Term from the field of General

Property tax is not a distinct tax term under German law, but rather a colloquial synonym for real estate tax-the municipal tax on the ownership of real property and agricultural and forestry assets. It is one of the oldest property taxes and is levied annually by municipalities. Following the property tax reform, which took effect nationwide in 2025, the basis for calculation and assessment rates have changed significantly in many municipalities.

Property Tax as the German Form of Real Estate Tax

Property tax is calculated based on the property tax assessment value (determined by the tax office) and the municipal assessment rate. Starting with the 2025 assessment year, the new valuation law based on the federal model or the state models applies-Bavaria has introduced its own area-based model.
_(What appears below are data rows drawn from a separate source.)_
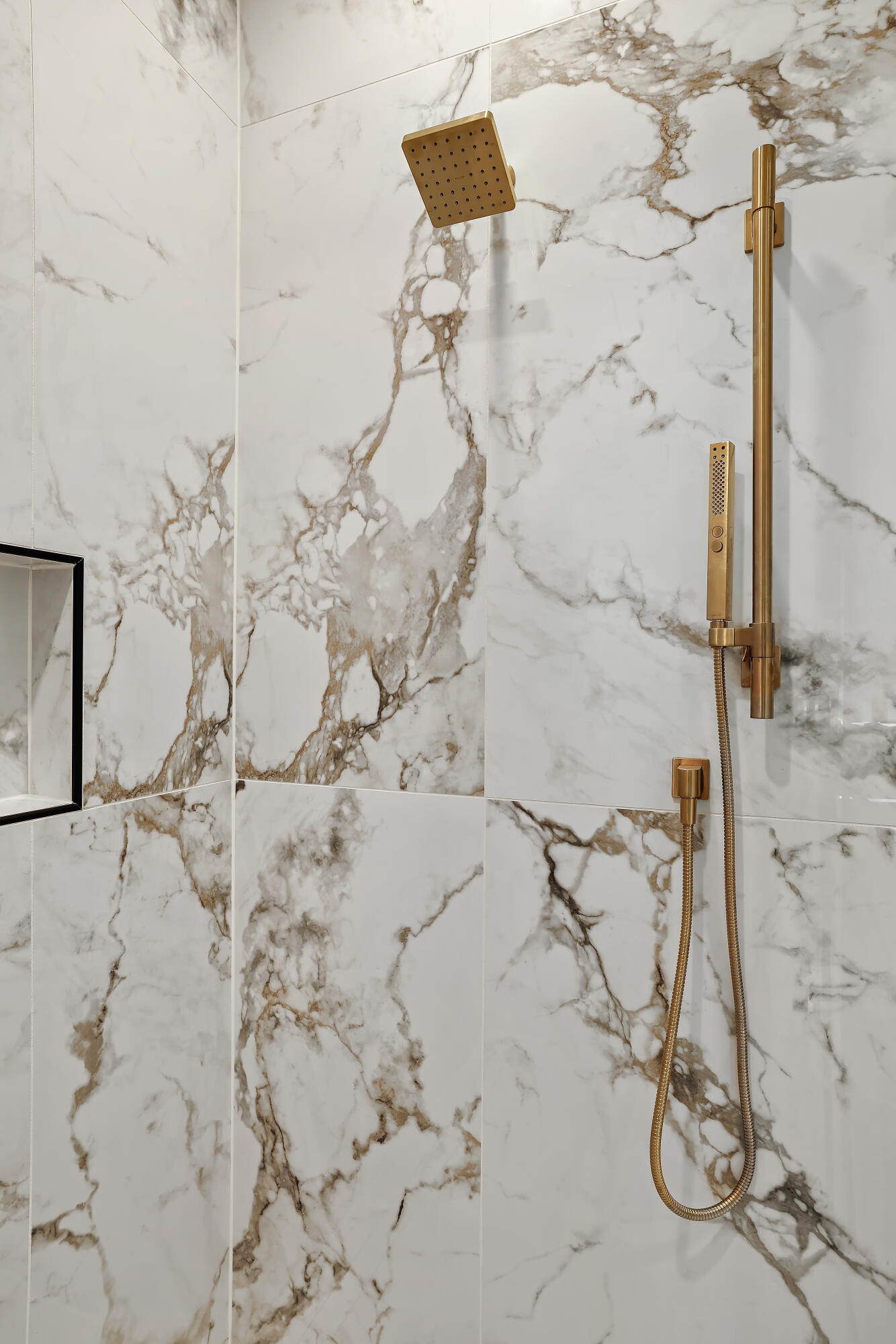 251 Weston Road Holmen, WI 54636 - Photo 21 of 49 Custom shower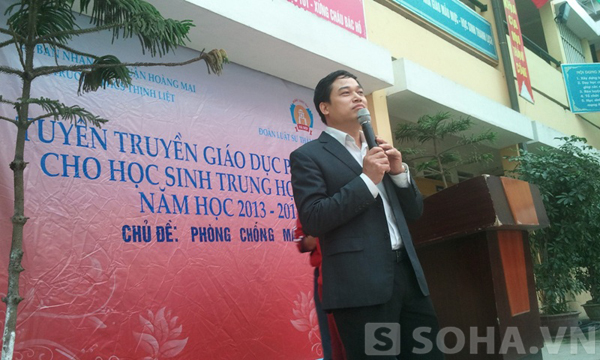Luật sư Thành đang giơi thiệu về chương trình &apos;Tuyền truyền giáo dục pháp luật&apos; cho  học sinh trường trung học cơ sở Thịnh Liệt,quận Hoàng Mai.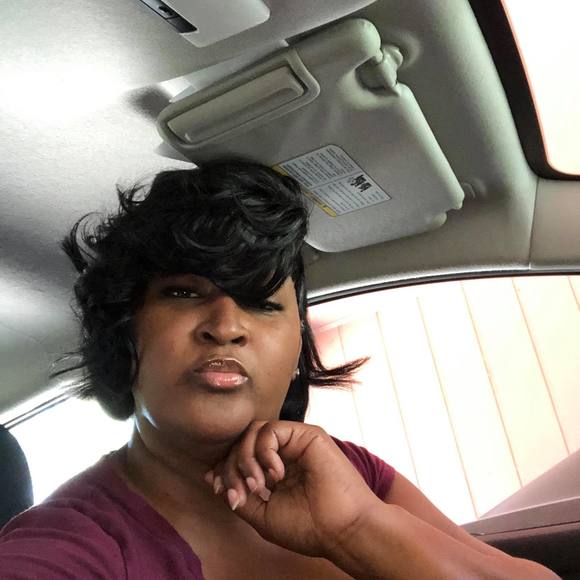 Profile Picture of Mariea Kaigler (@kaiglerm) on Poshmark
Under the Bavarian area-based model, the tax is calculated based on the land and building areas as well as an equivalence factor, regardless of the market value. Depending on the location and assessment rate, this can result in significant changes compared to the previous calculation.

Property Tax A applies to agricultural and forestry land; Property Tax B applies to developed and undeveloped properties (residential and commercial real estate). For residential properties in Nuremberg, only Property Tax B applies. Many federal states have additionally introduced the option of levying a Property Tax C on land ready for development but undeveloped-a tool against land speculation that has not yet been implemented across the board in Bavaria.

Assessment Rates and Tax Burden in Nuremberg

The City of Nuremberg independently sets the Property Tax B assessment rate for developed properties. The assessment rate is the multiplier applied to the property tax base-it can significantly influence the actual tax burden: municipalities with high financial needs apply higher assessment rates. In Nuremberg and many Bavarian cities, the assessment rates were adjusted as part of the 2025 property tax reform to achieve revenue-neutral results-which does not mean, however, that the tax has remained the same for every individual property owner.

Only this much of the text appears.